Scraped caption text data
★ ★ ★ ★ ★

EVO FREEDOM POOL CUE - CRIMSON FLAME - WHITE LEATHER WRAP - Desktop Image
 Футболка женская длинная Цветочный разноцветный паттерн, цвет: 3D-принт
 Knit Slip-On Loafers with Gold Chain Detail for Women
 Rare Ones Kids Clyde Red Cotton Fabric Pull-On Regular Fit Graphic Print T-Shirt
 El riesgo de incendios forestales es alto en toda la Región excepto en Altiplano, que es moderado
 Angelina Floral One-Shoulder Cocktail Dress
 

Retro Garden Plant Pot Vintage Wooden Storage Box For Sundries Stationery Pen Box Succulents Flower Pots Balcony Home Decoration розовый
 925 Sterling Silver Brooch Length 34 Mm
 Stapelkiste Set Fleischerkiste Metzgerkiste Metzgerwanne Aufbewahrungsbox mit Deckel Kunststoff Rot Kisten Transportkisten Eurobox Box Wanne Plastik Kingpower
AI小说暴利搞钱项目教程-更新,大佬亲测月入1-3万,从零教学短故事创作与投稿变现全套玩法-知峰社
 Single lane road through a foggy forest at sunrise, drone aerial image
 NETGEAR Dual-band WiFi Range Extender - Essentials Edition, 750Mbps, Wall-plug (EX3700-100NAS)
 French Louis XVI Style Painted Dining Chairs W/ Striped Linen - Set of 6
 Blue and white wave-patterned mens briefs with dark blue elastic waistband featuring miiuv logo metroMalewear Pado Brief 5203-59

★ ★ ★ ★ ★

Return the lines above precisely as they appear, beginning at the first line and ending at the line with "Single lane road", and nothing after it.

EVO FREEDOM POOL CUE - CRIMSON FLAME - WHITE LEATHER WRAP - Desktop Image
 Футболка женская длинная Цветочный разноцветный паттерн, цвет: 3D-принт
 Knit Slip-On Loafers with Gold Chain Detail for Women
 Rare Ones Kids Clyde Red Cotton Fabric Pull-On Regular Fit Graphic Print T-Shirt
 El riesgo de incendios forestales es alto en toda la Región excepto en Altiplano, que es moderado
 Angelina Floral One-Shoulder Cocktail Dress
 

Retro Garden Plant Pot Vintage Wooden Storage Box For Sundries Stationery Pen Box Succulents Flower Pots Balcony Home Decoration розовый
 925 Sterling Silver Brooch Length 34 Mm
 Stapelkiste Set Fleischerkiste Metzgerkiste Metzgerwanne Aufbewahrungsbox mit Deckel Kunststoff Rot Kisten Transportkisten Eurobox Box Wanne Plastik Kingpower
AI小说暴利搞钱项目教程-更新,大佬亲测月入1-3万,从零教学短故事创作与投稿变现全套玩法-知峰社
 Single lane road through a foggy forest at sunrise, drone aerial image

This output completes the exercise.